Random Walks and Emergent Properties


Histogram of the Endpoints of One Hundred Thousand Random Walks
Histogram of the Endpoints of One Hundred Thousand Random Walks

RandomWalk is a C# Windows application that I developed for homework in my Statistical Mechanics class. The application graphs 1-D and 2-D random walks. It also graphs the histogram of endpoints for an ensemble of 1D random walks.  RandomWalk is a solution to Exercise 2.5 in Dr. James Sethna’s Statistical Mechanics: Entropy, Order Parameters, and Complexity.

You can get the RandomWalk application and its source code on GitHub.

Here’s some background on random walks.  A random walk is a series of steps, each having the same length and going in a random direction.  In one dimension, the random steps can go left or right.  In two dimensions, the random steps can go left, right, up, or down.

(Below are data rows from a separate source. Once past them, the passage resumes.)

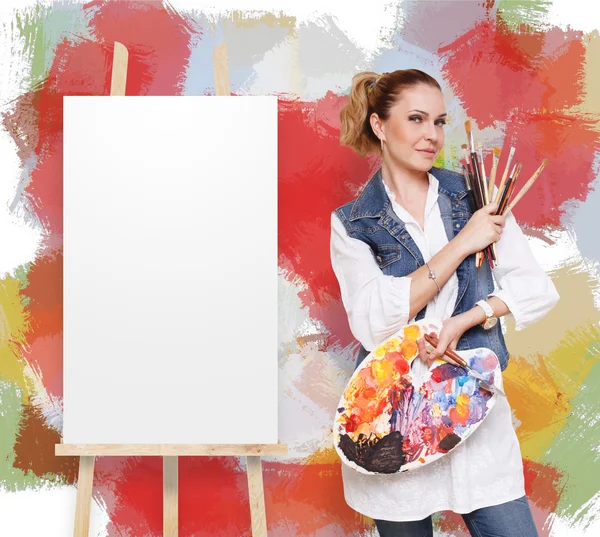 Woman artist with brushes, palette and copy space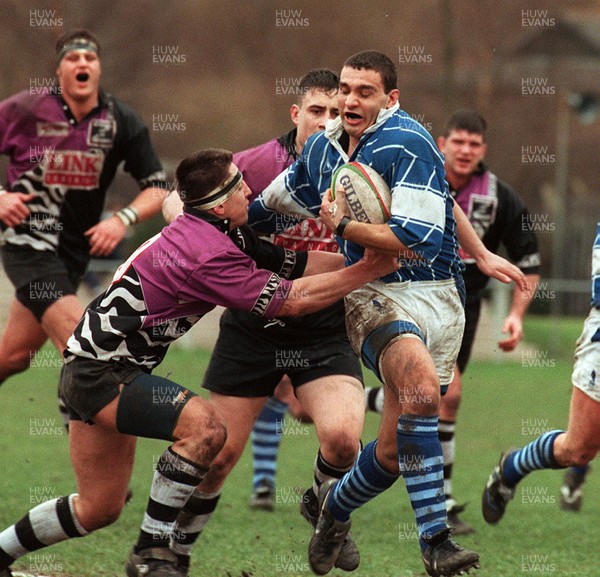 010397 - Treorchy v Bridgend - SWALEC Cup - Jason Forster of Bridgend is tackled by Carl Hammans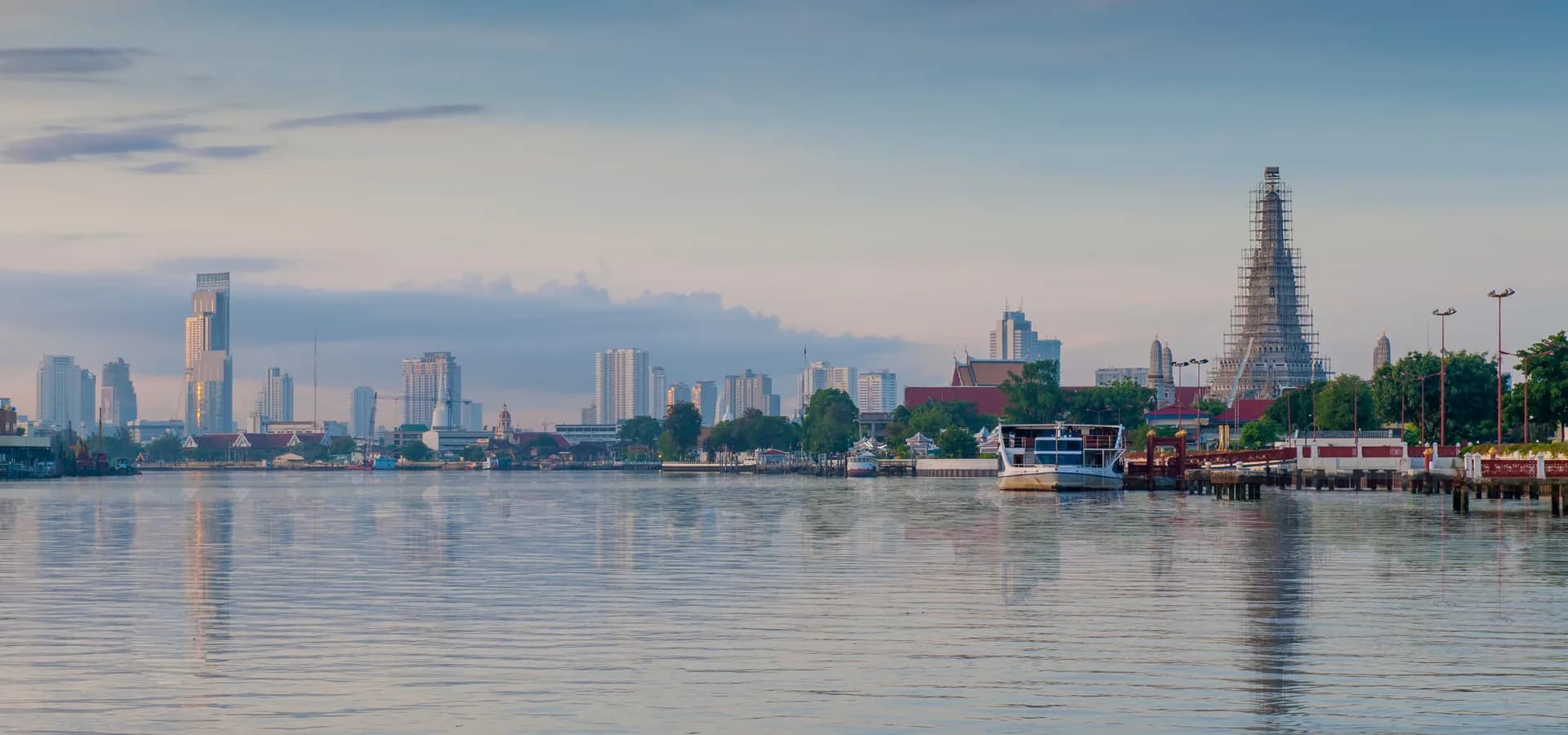 Stilles, pastellfarbenes Wasser des Chao Phraya bei Morgendämmerung, Bangkoks Hochhäuser am Horizont und Wat Arun rechts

Now it turns out that if you have many walkers all starting at the same starting location and you record where they end up, the most likely end point is exactly the starting location.  The least likely end point is the furthest possible distance away from the starting location.  The graph of these points approximates a bell curve (also called a normal distribution or a Gaussian distribution).  In mathematics, the explanation of this phenomenon is called the Central Limit Theorem.

If you would like to see the bell curve in the RandomWalk application, try using the following values:

  • Number of Steps: 3 (if the walkers move only one step, they cannot return to the starting location)
  • Number of Walkers: 100000 (this is the key to getting the bell curve shape, there needs to be enough random walks for the histogram of their endpoints to “smooth” out)
  • Number of Dimensions: 1 (the RandomWalk program only graphs the histogram for 1-D walks)
  • Number of Bins: 100 (this parameter just lumps the random walks into a discrete number of bins – so instead of 100000 points on your graph, you only have 100 points)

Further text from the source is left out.